TASK ITEM: What is needed is an exact copy of every entry below, minus the images.
==== PROVIDED RECORDS ====
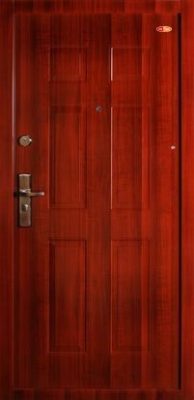 Čerešňa Hi Sec bezpečnostné dvere do bytového domu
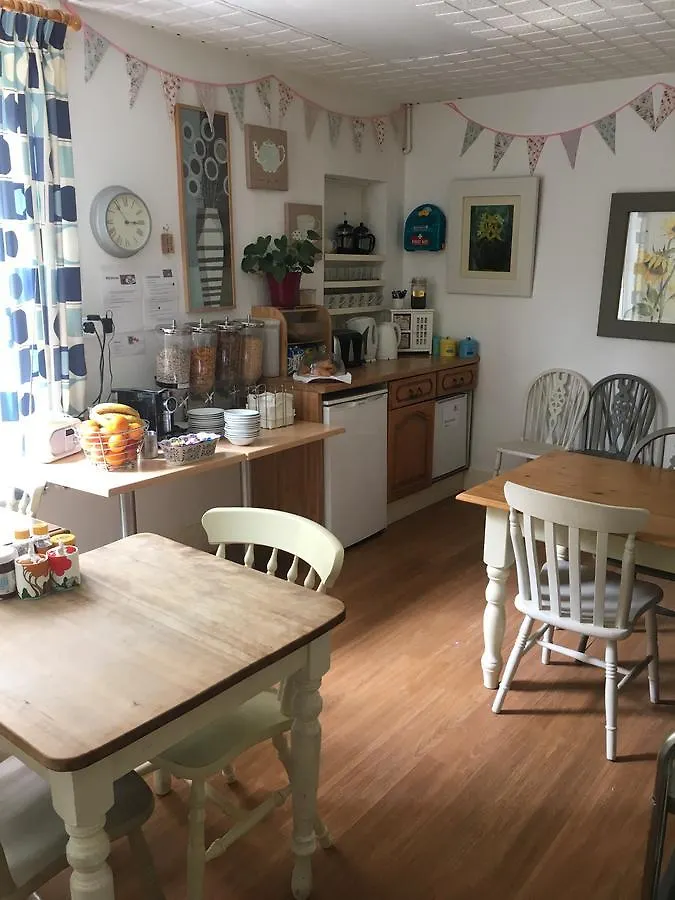 Glanville Guest House Bristol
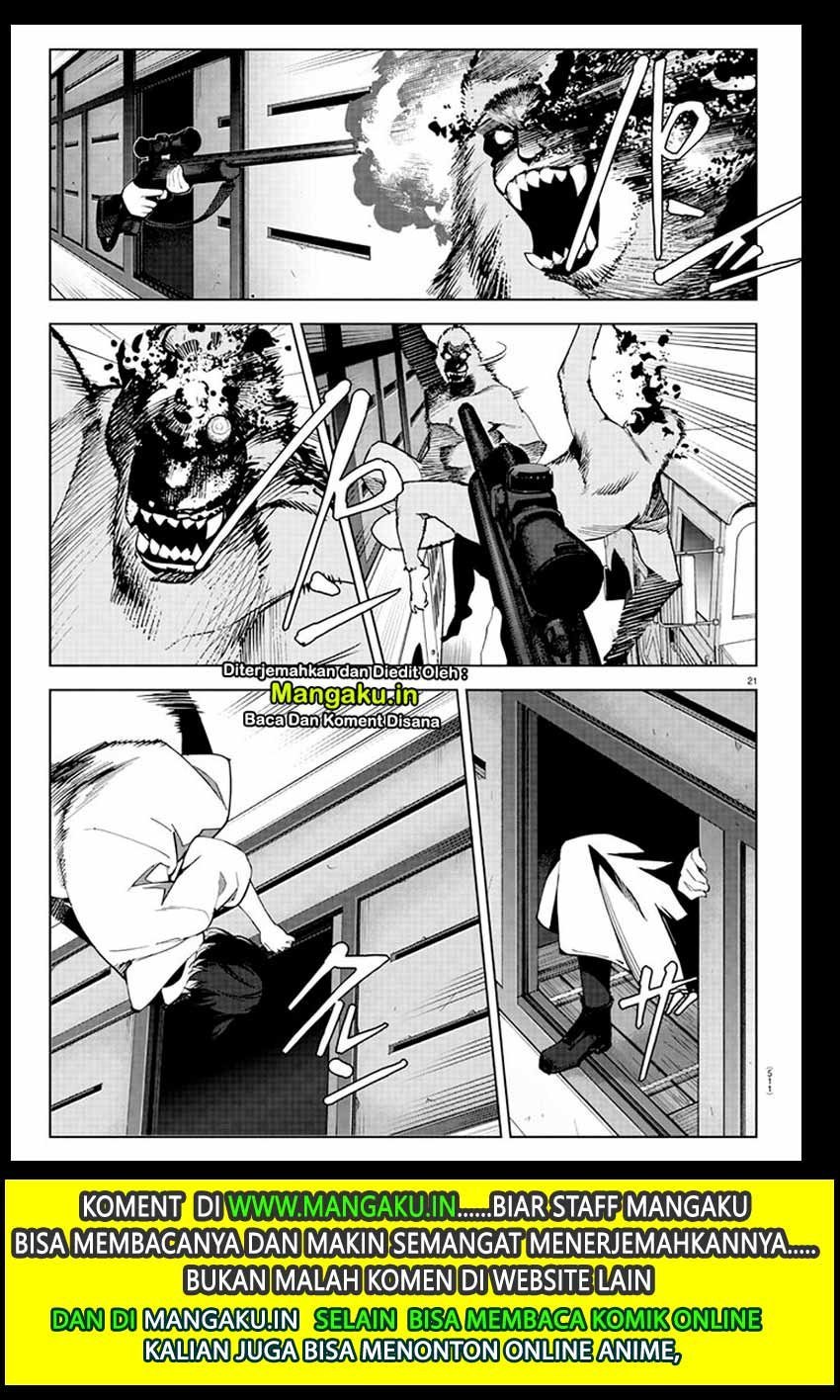 Darwins Game Chapter 83.1 Gambar 22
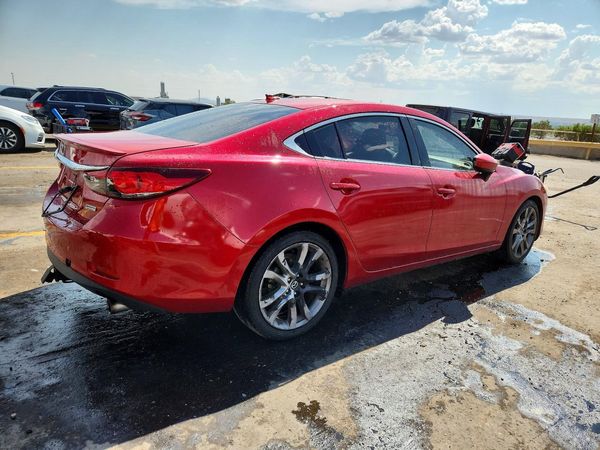 2015 MAZDA 6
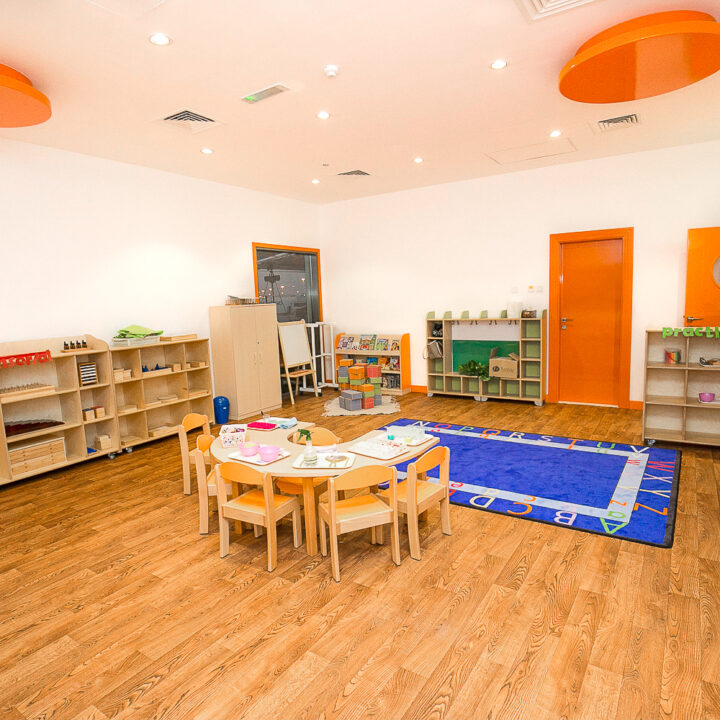 Dibber Nursery - Orange Class (2)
====
YOUR RESPONSE:
 Čerešňa Hi Sec bezpečnostné dvere do bytového domu
 Glanville Guest House Bristol
 Darwins Game Chapter 83.1 Gambar 22
 2015 MAZDA 6
 Dibber Nursery - Orange Class (2)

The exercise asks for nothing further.